Hemingway, não bastasse a publicação de "Paris é uma festa", entregou curiosos hábitos de amigos íntimos e ilustres. Mencken, que já metia o pau nos outros abertamente, revelou em suas memórias um estilo admiravelmente leve. O relato que Darwin deixou da sua viagem pelo mundo à bordo do Beagle é ainda hoje motivo de inspiração para qualquer aventureiro. As anotações que Marco Polo fez, em suas viagens pelo Oriente, serviram-lhe depois para compor seu "Livro das Maravilhas", e ampliar os horizontes de toda uma civilização. Colombo escreveu, em sua vigem à América, um diário que G. Garcia Márquez chamaria, quinhentos anos depois, de "o primeiro livro de realismo fantástico". Eu provavelmente não deixarei nada de muito especial para os outros, mas deveria ao menos ter o direito de escrever o meu próprio diário. Mas quando, em uma grande papelaria, perguntei por um, fui apresentado a um caderninho com cadeado dourado e capa de pelúcia cor de rosa-choque. Virou coisa de menininha.
Qualidade total
A revista TPM anuncia que vai tratar mulher como até então parecia impossível em revistas femininas: sem considerá-las idiotas. Para quem não sabe, e também não desconfia de nada, Paulo Lima, seu editor, amigo de Luciano Huck, é um dos, digamos, idealizadores de personagens como Tiazinha e Feiticeira. Inovou. Em vez de apenas tratá-las como idiotas, fabrica-as como tal.
Apagão
Recomendado por um amigo para que lesse Peer Gynt, obra-prima de Ibsen, segundo Borges, fui procurá-lo em algumas das grandes livrarias paulistanas. Nada. Nem sombra. Aliás, sim, havia uma sombrinha, ou melhor, um raio de luz, projetado pela escritora Ana Maria Machado. Era uma adaptação para crianças.
Mas não encontrei nenhuma tradução do texto integral. Os adultos, pelo que se percebe dando uma olhada nos títulos dos livros destinados a eles, devem estar preocupados com outras coisas, mais importantes. Tipo ser feliz.
A história de Peer Gynt, o homem amoral, o mentiroso encantador, que sacrificou todos os princípios para se enriquecer traficando escravos e vendendo ídolos para selvagens, permanece tão atual quanto desconhecida.

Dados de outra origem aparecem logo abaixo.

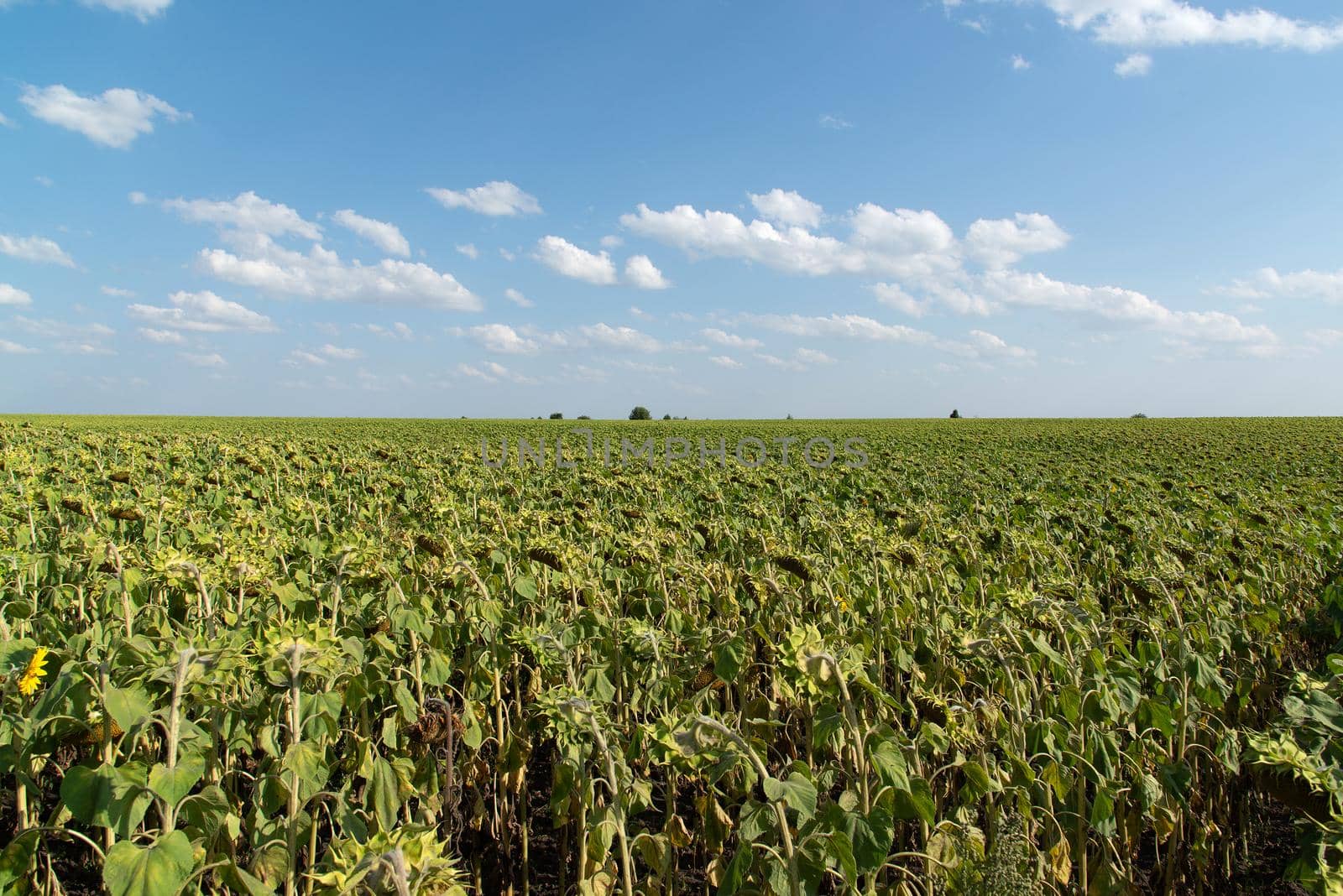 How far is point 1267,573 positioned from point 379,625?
7.48 meters

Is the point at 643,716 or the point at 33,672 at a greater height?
the point at 33,672

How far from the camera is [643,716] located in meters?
4.71

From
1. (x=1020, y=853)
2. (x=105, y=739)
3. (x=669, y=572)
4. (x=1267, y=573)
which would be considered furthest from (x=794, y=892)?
(x=1267, y=573)

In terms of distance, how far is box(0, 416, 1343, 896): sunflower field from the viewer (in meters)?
2.29

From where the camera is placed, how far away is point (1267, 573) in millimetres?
6832

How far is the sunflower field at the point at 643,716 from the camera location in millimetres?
2291

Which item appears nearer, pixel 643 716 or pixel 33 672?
pixel 33 672

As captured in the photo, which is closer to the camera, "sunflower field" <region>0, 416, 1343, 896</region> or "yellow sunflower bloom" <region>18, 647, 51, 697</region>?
"sunflower field" <region>0, 416, 1343, 896</region>

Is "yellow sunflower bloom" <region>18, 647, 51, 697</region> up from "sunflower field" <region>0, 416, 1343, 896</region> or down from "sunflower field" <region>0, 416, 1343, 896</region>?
up

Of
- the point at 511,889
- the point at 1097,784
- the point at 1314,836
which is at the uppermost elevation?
the point at 1314,836

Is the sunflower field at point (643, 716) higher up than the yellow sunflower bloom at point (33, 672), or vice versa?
the yellow sunflower bloom at point (33, 672)

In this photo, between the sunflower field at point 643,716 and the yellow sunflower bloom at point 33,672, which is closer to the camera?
the sunflower field at point 643,716

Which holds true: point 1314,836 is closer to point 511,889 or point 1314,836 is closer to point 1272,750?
point 1272,750

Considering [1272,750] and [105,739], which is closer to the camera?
[1272,750] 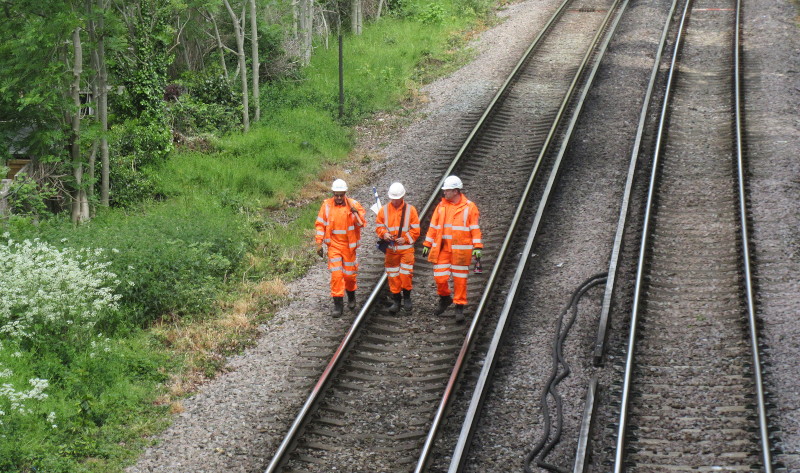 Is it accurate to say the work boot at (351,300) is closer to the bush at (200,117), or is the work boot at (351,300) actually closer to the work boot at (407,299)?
the work boot at (407,299)

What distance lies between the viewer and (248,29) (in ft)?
76.4

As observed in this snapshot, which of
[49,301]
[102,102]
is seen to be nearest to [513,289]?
[49,301]

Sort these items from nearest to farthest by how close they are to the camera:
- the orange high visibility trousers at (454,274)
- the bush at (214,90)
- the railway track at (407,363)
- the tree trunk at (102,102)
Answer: the railway track at (407,363) < the orange high visibility trousers at (454,274) < the tree trunk at (102,102) < the bush at (214,90)

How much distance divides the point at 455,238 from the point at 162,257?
4.31m

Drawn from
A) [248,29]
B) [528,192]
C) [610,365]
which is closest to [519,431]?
[610,365]

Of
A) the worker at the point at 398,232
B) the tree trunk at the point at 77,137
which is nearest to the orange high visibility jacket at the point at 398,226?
the worker at the point at 398,232

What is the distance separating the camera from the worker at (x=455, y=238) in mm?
10211

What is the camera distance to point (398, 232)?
1048 centimetres

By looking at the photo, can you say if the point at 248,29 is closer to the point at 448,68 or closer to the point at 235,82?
the point at 235,82

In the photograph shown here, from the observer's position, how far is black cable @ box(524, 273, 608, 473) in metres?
7.79

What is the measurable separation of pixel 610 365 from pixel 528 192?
484 centimetres

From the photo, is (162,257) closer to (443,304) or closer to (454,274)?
(443,304)

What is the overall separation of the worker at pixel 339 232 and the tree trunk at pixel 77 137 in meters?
6.21

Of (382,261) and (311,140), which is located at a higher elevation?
(311,140) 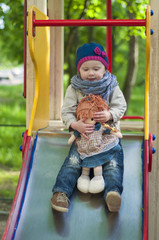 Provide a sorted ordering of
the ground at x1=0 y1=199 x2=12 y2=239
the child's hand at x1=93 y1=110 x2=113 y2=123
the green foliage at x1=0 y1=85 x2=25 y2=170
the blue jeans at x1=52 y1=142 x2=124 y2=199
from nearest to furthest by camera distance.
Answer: the blue jeans at x1=52 y1=142 x2=124 y2=199 < the child's hand at x1=93 y1=110 x2=113 y2=123 < the ground at x1=0 y1=199 x2=12 y2=239 < the green foliage at x1=0 y1=85 x2=25 y2=170

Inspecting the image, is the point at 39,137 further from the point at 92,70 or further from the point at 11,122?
the point at 11,122

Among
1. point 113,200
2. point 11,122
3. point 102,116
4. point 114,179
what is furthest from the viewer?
point 11,122

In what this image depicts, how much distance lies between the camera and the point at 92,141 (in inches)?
116

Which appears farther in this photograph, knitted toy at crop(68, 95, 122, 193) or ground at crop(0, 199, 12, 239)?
ground at crop(0, 199, 12, 239)

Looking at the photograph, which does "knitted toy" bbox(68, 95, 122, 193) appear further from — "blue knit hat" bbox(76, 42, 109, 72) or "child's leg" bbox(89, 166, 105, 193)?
"blue knit hat" bbox(76, 42, 109, 72)

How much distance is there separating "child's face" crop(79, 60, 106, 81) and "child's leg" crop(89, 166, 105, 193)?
0.69 m

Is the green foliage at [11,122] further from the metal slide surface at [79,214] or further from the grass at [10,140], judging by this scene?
the metal slide surface at [79,214]

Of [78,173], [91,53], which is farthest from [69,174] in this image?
[91,53]

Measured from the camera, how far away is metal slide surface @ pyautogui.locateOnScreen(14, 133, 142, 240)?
272 centimetres

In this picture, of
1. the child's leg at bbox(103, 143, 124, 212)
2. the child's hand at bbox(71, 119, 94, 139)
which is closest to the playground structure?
the child's leg at bbox(103, 143, 124, 212)

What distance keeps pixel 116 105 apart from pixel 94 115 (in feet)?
0.73

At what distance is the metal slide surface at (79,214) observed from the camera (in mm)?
2721

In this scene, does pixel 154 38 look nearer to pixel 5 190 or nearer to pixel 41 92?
pixel 41 92

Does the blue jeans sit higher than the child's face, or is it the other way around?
the child's face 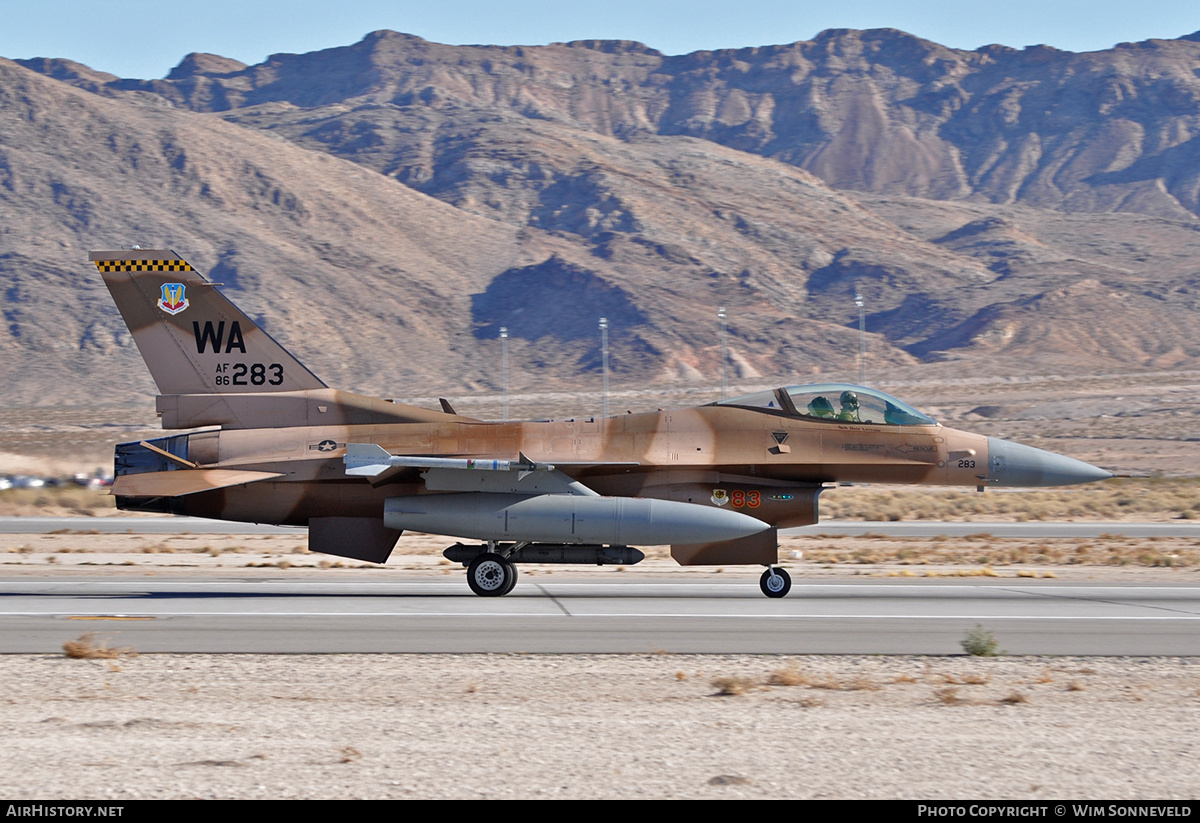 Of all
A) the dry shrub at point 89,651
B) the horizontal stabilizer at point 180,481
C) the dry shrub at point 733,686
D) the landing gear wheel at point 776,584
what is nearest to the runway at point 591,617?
the landing gear wheel at point 776,584

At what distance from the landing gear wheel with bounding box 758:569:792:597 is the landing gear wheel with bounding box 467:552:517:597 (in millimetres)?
3393

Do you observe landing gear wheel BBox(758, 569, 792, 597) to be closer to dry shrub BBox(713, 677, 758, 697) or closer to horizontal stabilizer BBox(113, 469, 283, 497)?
dry shrub BBox(713, 677, 758, 697)

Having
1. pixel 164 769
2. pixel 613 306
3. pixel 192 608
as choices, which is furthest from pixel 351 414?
pixel 613 306

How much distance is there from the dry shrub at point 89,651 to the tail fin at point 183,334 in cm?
644

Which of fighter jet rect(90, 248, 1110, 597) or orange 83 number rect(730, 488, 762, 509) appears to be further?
orange 83 number rect(730, 488, 762, 509)

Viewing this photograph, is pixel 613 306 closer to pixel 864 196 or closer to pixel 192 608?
pixel 864 196

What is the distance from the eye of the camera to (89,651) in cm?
1162

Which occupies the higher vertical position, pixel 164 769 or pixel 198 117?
pixel 198 117

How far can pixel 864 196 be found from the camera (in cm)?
15925

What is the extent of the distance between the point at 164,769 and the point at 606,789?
2641mm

Recorri, então, à Internet, e encomendei uma edição inglesa, que chegaria mais rápido à minha casa: 3 semanas. Carpeaux, austríaco, fez o que pôde para iluminar o debate literário aqui no Brasil, e chegou a escrever que "Peer Gynt continua a ser a imagem mais completa da natureza humana criada desde o Faust." Nada adianta. Continuamos no apagão.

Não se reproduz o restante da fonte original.